**THE PROBLEM:**
There should be no pictures in your answer, only an exact copy of the lines from the one with "Sistema Madkasse m." through the end of the material.

**AVAILABLE DATA:**
══════════

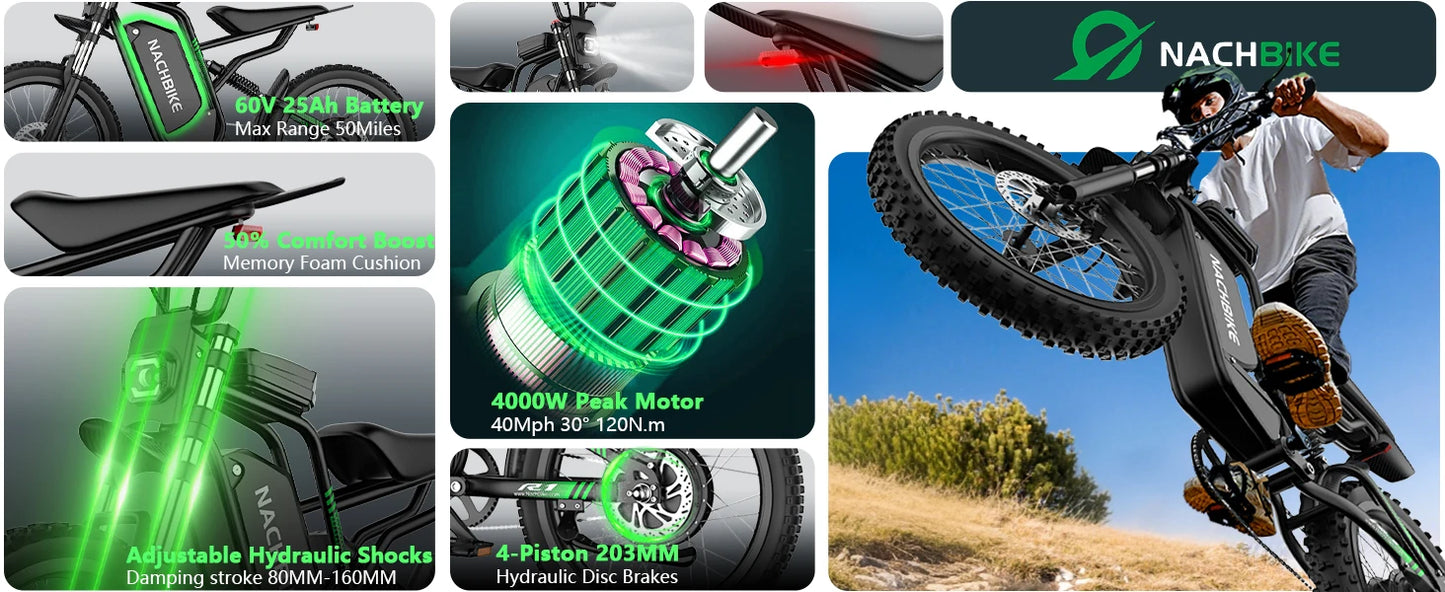 Electric Dirt Bike 4000 6kW 60V 25Ah Dual Hydraulic Brakes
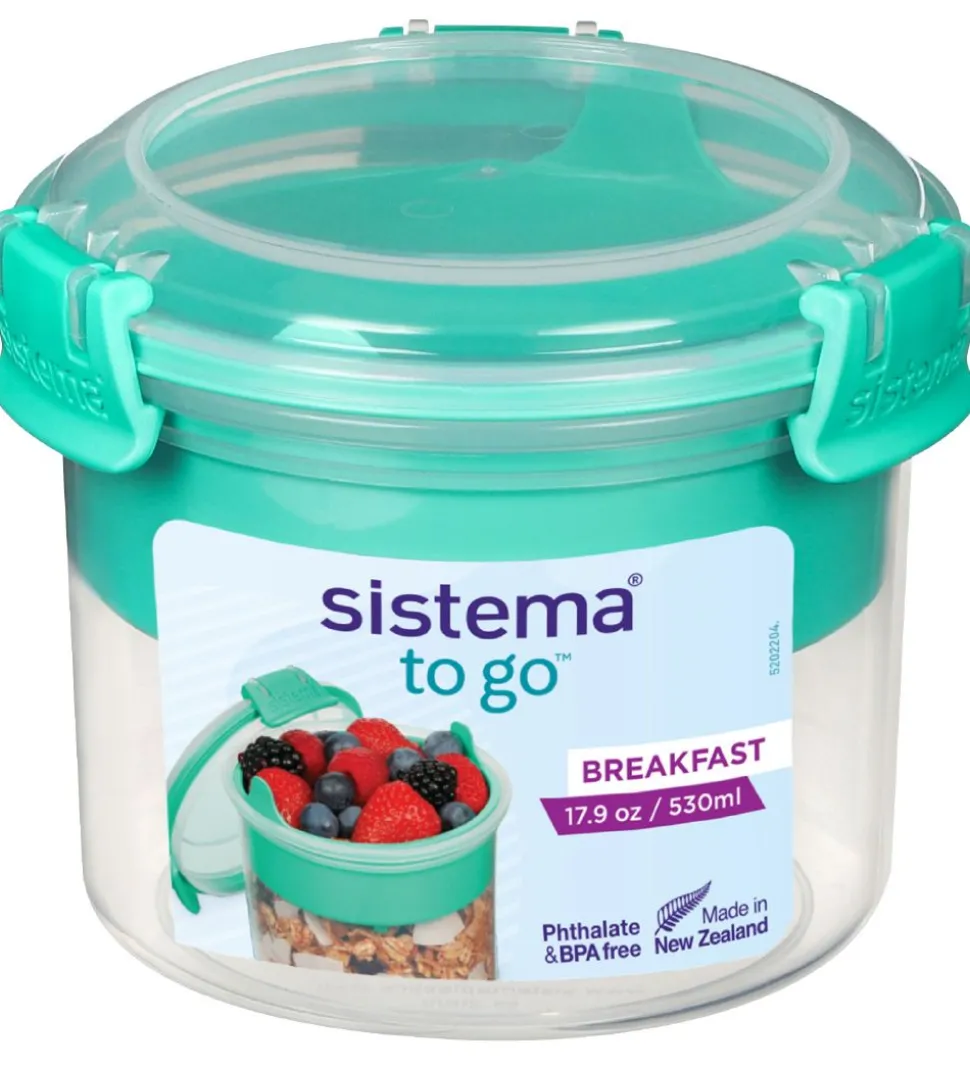 Sistema Madkasse m. Bestik - Breakfast To Go - 530 ml - Turkis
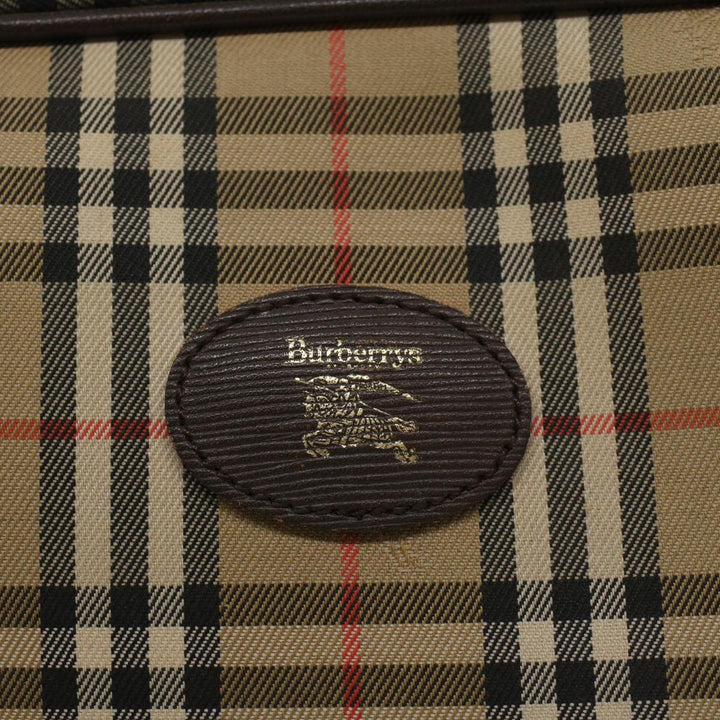 BurberrySs Nova Check Clutch Bag Nylon Beige Auth ki3166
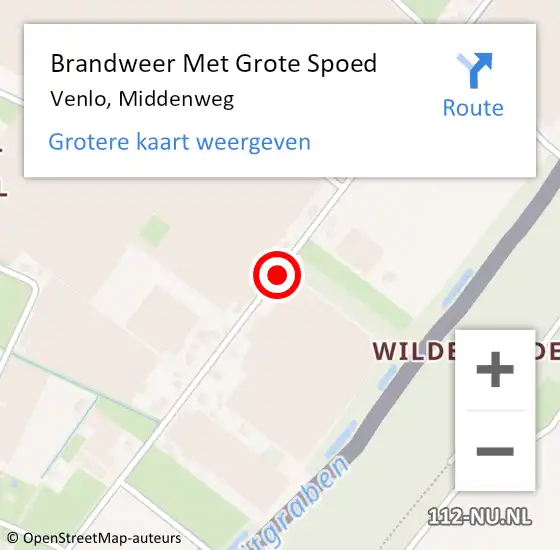 Locatie op kaart van de 112 melding: Brandweer Met Grote Spoed Naar Venlo, Middenweg op 6 juni 2018 15:44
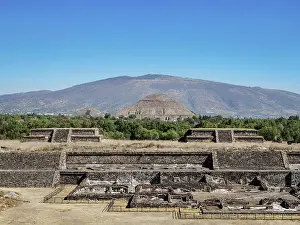 Ciudadela Prints: View over the Citadel towards the Pyramid of the Sun, Teotihuacan, Mexico State, Mexico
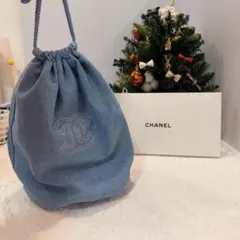 【新品未使用】CHANEL 2026 非売品ノベルティ　デニム　巾着ポーチのサムネイル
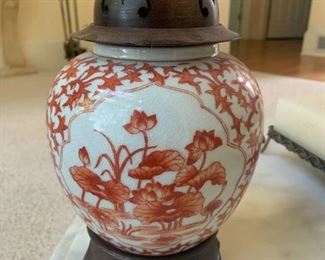 Hand Painted Temple Jar with Wooden Base and Lid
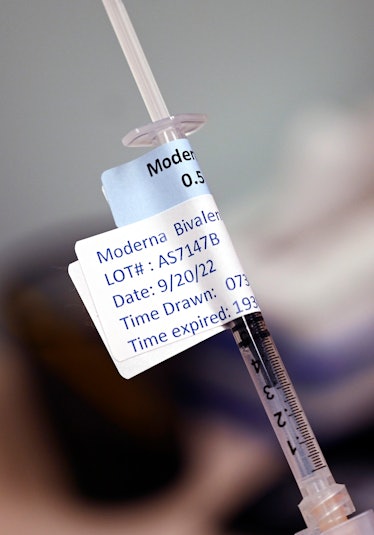 This photo shows a vial of the Moderna Covid-19 vaccine, Bivalent, at AltaMed Medical clinic in Los ...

══════════

**OUTPUT OF THE TASK:**
 Sistema Madkasse m. Bestik - Breakfast To Go - 530 ml - Turkis
 BurberrySs Nova Check Clutch Bag Nylon Beige Auth ki3166
 Locatie op kaart van de 112 melding: Brandweer Met Grote Spoed Naar Venlo, Middenweg op 6 juni 2018 15:44
 Ciudadela Prints: View over the Citadel towards the Pyramid of the Sun, Teotihuacan, Mexico State, Mexico
 【新品未使用】CHANEL 2026 非売品ノベルティ　デニム　巾着ポーチのサムネイル
 Hand Painted Temple Jar with Wooden Base and Lid
 This photo shows a vial of the Moderna Covid-19 vaccine, Bivalent, at AltaMed Medical clinic in Los ...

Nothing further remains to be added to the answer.